Furthermore, the model can be extended to include non-ideal components, such as parasitic resistances and capacitances, which are often neglected in simplified models. The inclusion of these elements enhances the model’s accuracy and provides insights into the design of high-performance solar inverters. The following equations summarize the state matrices for the solar inverter in DCM:
$$ A_1 = \begin{bmatrix} -\frac{r_m + r_s}{L_m} & 0 & 0 \\ 0 & -\frac{r_c + r_L + R_g}{L_f} & \frac{1}{L_f} \\ 0 & -\frac{1}{C_f} & 0 \end{bmatrix}, \quad B_1 = \begin{bmatrix} \frac{U_{PV}}{L_m} \\ 0 \\ 0 \end{bmatrix} $$
$$ A_2 = \begin{bmatrix} -\frac{N^2 r_m + r_{VD} + r_c}{N^2 L_m} & \frac{r_c}{N L_m} & -\frac{1}{N L_m} \\ \frac{r_c}{N L_f} & -\frac{r_c + r_L + R_g}{L_f} & \frac{1}{L_f} \\ \frac{1}{N C_f} & -\frac{1}{C_f} & 0 \end{bmatrix}, \quad B_2 = \begin{bmatrix} 0 \\ 0 \\ 0 \end{bmatrix} $$
$$ A_3 = \begin{bmatrix} 0 & 0 & 0 \\ 0 & -\frac{r_c + r_L + R_g}{L_f} & \frac{1}{L_f} \\ 0 & -\frac{1}{C_f} & 0 \end{bmatrix}, \quad B_3 = \begin{bmatrix} 0 \\ 0 \\ 0 \end{bmatrix} $$
These matrices are used in the discrete iterative equations to compute the state transitions. The steady-state values are obtained by solving the equilibrium conditions of the system. The linearized matrices \( A_{n,i} \) and \( B_{n,i} \) are then derived as functions of the steady-state operating point.

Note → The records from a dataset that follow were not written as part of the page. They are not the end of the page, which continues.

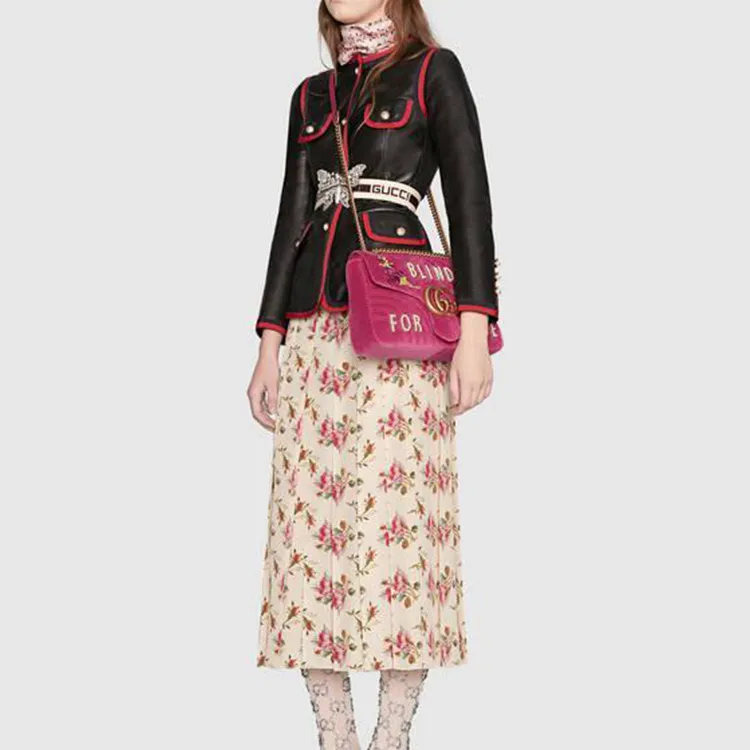 GUCCI GG Marmont Embroidered Velvet Crossbody Bag Shoulder Bag Women's Fuchsia-6
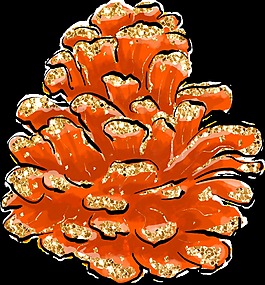 卡通松果png透明素材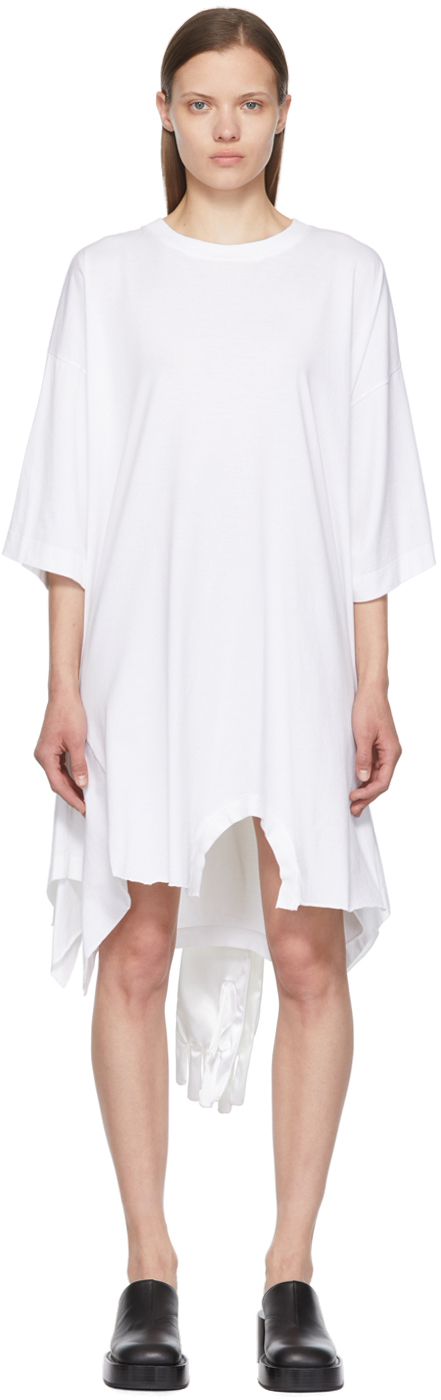 MM6 Maison Margiela White Cotton Mini Dress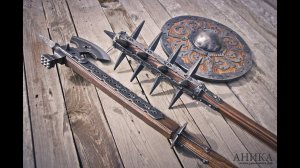 Полэкс, моргенштерн и щит-баклер от УРМ «АНИКА» / Pollaxe, spiked mace and buckler shield by Anika
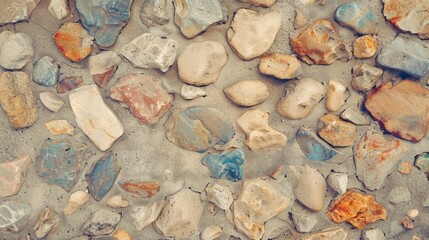 Canvas Print - Vintage beige stone background with multicolored pebbles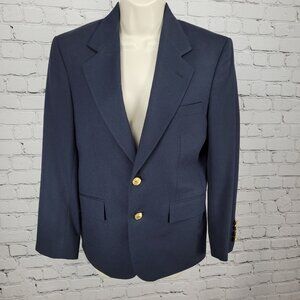 Polo Ralph Lauren Navy 100% Wool Gold Button Notch Blazer Suit Jacket USA 14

In conclusion, the z-s domain modeling approach presented in this paper offers a significant improvement over traditional methods for analyzing the stability of solar inverters. By accounting for switching dynamics and providing a framework for frequency-domain analysis, it enables more accurate and reliable design of control systems for solar inverters. The methodology is validated through simulations and experiments, demonstrating its effectiveness in predicting stability boundaries and guiding the selection of controller parameters to ensure stable operation of solar inverters in various applications.